Charleroi a son Plan Climat: Moins 40% d'émissions de GES à l'horizon 2030

Mardi 05 Septembre 2017 - 09:36

La Ville de Charleroi a adopté son PAEDC. Un plan d’actions ambitieux qui vise à réduire de 40% les émissions de gaz à effet de serre (GES) à l’horizon 2030. Des mesures en faveur du patrimoine bâti sont particulièrement envisagées pour atteindre une diminution de quelques 480.000 tonnes de CO². Coût total de l'investissement estimé: 1,3 milliard d€.

On le sait, comme 7000 autres communes en Europe, la Ville de Charleroi s’est engagée à développer sur son territoire un programme d’actions en faveur de l’énergie durable et du climat (PAEDC) découlant directement du protocole de Kyoto. Moins d’un an après la signature de la Convention des Maires (en novembre 2016), l’audit préalable a été réalisé et finalisé et on a aujourd'hui une idée plus précise des actions qu’il faudrait concrétiser et des priorités à suivre pour faire baisser de manière drastique nos émissions de GES.

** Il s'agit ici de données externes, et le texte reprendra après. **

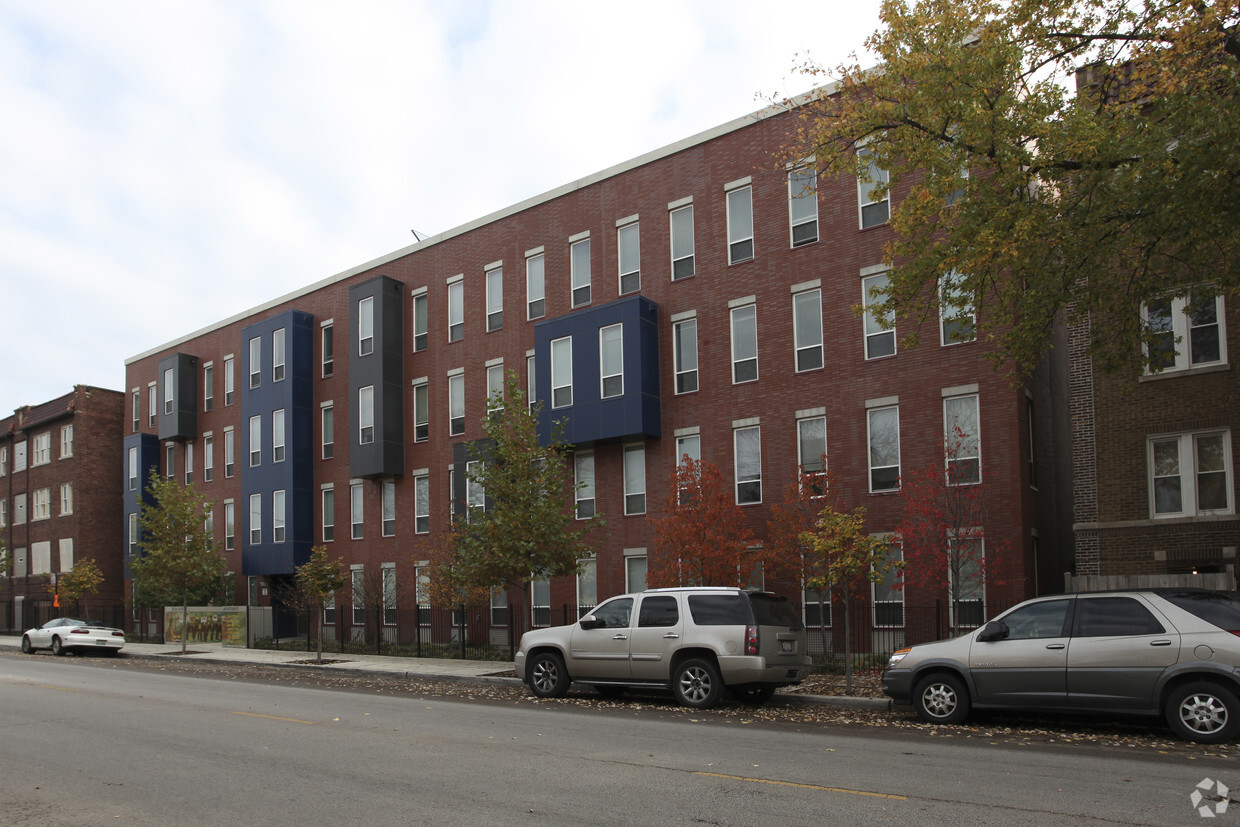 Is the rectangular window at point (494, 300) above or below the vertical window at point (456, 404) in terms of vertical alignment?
above

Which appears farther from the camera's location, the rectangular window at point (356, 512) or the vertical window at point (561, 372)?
the rectangular window at point (356, 512)

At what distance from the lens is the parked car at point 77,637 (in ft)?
108

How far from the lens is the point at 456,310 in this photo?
3462 centimetres

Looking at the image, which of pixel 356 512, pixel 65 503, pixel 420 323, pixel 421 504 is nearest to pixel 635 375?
pixel 421 504

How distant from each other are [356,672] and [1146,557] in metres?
17.5

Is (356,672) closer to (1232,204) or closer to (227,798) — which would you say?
(227,798)

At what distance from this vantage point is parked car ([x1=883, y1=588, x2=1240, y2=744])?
11.7 meters

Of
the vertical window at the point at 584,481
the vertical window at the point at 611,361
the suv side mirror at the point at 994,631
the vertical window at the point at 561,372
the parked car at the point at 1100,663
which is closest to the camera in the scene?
the parked car at the point at 1100,663

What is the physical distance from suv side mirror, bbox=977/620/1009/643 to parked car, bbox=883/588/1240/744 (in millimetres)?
13

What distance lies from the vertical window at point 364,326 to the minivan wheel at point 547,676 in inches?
830

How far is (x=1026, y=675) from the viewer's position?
12883 mm

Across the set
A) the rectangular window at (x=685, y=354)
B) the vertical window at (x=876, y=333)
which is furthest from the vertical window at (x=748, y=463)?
the vertical window at (x=876, y=333)

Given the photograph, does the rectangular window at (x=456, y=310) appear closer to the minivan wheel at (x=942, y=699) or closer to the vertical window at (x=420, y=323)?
the vertical window at (x=420, y=323)

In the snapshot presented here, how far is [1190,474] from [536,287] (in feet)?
61.6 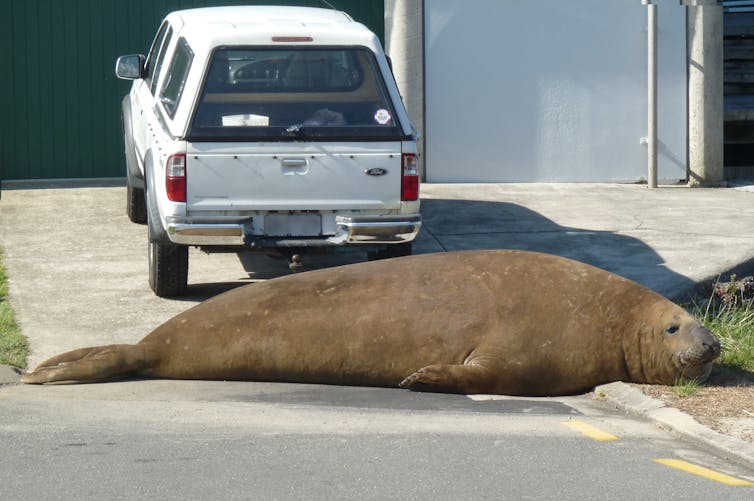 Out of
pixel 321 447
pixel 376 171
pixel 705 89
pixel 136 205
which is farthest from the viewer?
pixel 705 89

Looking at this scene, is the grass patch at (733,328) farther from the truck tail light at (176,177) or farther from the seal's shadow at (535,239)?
the truck tail light at (176,177)

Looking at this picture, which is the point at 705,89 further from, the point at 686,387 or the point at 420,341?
the point at 420,341

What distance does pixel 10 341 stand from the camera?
862 cm

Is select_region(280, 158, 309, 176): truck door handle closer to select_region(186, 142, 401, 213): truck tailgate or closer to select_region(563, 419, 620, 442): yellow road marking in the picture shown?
select_region(186, 142, 401, 213): truck tailgate

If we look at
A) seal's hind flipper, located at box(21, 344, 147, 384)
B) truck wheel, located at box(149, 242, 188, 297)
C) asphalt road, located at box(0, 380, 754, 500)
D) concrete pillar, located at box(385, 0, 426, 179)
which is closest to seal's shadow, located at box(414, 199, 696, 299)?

« Il s'agit d'écologie pragmatique. Dans ce plan - il a été adopté lundi soir par le Conseil communal (non sans quelques critiques de la part de l'oppotion Ecolo et PTB+) - , il s’agira de sélectionner des actions prioritaires et y consacrer les budgets nécessaires. Un état des lieux sera réalisé tous les deux ans, il faudra donc se fixer des objectifs mesurables. Sachant que le résidentiel (logement privé) représente 37% des émissions de CO² (activités communales, 3%) sur le territoire, et que la marge d’amélioration avoisine les 56% ,on pense notamment à des mesures en faveur du patrimoine bâti" précise l’échevin de l’Environnement, Cyprien Devilers. Le PAEDC se veut être un projet fort, fédérateur, porté par tous et de développement local. Il vise un ensemble d’efforts répartis entre l’administration communale, qui doit endosser le rôle de leader exemplaire, les citoyens, les entreprises ou encore les associations, etc ».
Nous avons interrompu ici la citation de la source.